Abstract

This article shows a set of agroecological practices that were incorporated into the archeological landscape of the Chanchán basin by pre-Hispanic Kañaris societies for 1200 years (240–1438 AD), a millennium before the arrival of the Incas, and that continue to be used in this landscape by certain indigenous communities of the 21st century. The use of archeobotanical techniques, contrasted with ethnobotanical sources, has allowed us to interpret how these societies structured their cultivation systems, agroecological practices, and landscape management, for the conservation of agroecosystems in the western Andean foothills. Agroecological legacies show how the stability, adaptability, and elasticity of Andean agriculture can be sustained under models of progressive intensification without this causing irreversible environmental damage in the agroecosystems.
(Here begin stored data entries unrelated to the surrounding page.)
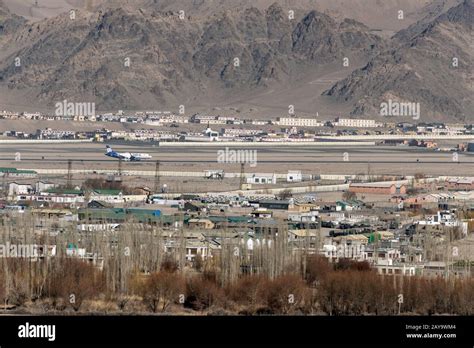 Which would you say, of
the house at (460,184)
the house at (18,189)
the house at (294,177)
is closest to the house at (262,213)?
the house at (18,189)

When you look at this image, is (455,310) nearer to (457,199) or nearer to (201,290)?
(201,290)

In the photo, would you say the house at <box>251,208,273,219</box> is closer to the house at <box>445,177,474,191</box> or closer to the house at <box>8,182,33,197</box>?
the house at <box>8,182,33,197</box>

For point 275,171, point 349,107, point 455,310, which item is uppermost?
point 349,107

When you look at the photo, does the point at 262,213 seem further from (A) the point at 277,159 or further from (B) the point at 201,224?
(A) the point at 277,159

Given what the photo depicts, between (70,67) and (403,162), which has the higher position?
(70,67)

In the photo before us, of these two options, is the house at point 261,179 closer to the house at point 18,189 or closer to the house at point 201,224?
the house at point 18,189

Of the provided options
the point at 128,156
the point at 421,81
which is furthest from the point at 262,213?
the point at 421,81

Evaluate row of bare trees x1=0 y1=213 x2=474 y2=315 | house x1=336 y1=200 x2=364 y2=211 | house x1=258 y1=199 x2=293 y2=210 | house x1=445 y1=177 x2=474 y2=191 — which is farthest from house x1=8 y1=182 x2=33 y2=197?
row of bare trees x1=0 y1=213 x2=474 y2=315

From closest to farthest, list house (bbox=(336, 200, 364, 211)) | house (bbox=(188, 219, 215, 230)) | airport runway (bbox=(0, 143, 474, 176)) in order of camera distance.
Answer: house (bbox=(188, 219, 215, 230)) → house (bbox=(336, 200, 364, 211)) → airport runway (bbox=(0, 143, 474, 176))

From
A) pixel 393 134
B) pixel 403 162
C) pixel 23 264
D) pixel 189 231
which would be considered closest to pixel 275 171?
pixel 403 162
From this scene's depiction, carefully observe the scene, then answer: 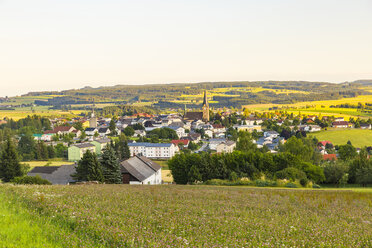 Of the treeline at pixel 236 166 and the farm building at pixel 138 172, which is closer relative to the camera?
the treeline at pixel 236 166

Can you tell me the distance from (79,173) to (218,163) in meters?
16.9

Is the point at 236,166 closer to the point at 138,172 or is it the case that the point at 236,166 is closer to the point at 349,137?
the point at 138,172

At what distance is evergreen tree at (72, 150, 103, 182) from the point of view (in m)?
33.1

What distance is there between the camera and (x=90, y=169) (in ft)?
110

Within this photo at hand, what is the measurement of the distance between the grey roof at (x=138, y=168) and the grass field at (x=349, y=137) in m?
75.5

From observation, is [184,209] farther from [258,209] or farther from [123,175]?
[123,175]

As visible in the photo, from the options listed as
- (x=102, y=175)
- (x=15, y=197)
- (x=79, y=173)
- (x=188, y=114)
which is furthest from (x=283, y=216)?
(x=188, y=114)

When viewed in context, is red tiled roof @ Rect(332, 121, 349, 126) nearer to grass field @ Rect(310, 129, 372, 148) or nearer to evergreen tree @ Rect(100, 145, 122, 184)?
grass field @ Rect(310, 129, 372, 148)

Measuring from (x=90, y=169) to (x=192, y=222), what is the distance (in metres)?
26.8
Kañaris agroecological practices configured the Chanchán landscape as a great cultural artifact, wherein the non-human agency of plants (cultivated and wild) was more than a mere adaptation to the niches culturally constructed by human populations. Non-humans are active subjects in recovering the functional and structural integrity of agroecosystems after a social or ecological disturbance. All this is part of landscape management based on an “Ecological Diversification Model”, where plant species are adapted to the ecotones and ecological floors of the western Andean foothills, to diversify and increase the availability of food crops that are bioculturally appropriate given the present agrobiodiversity.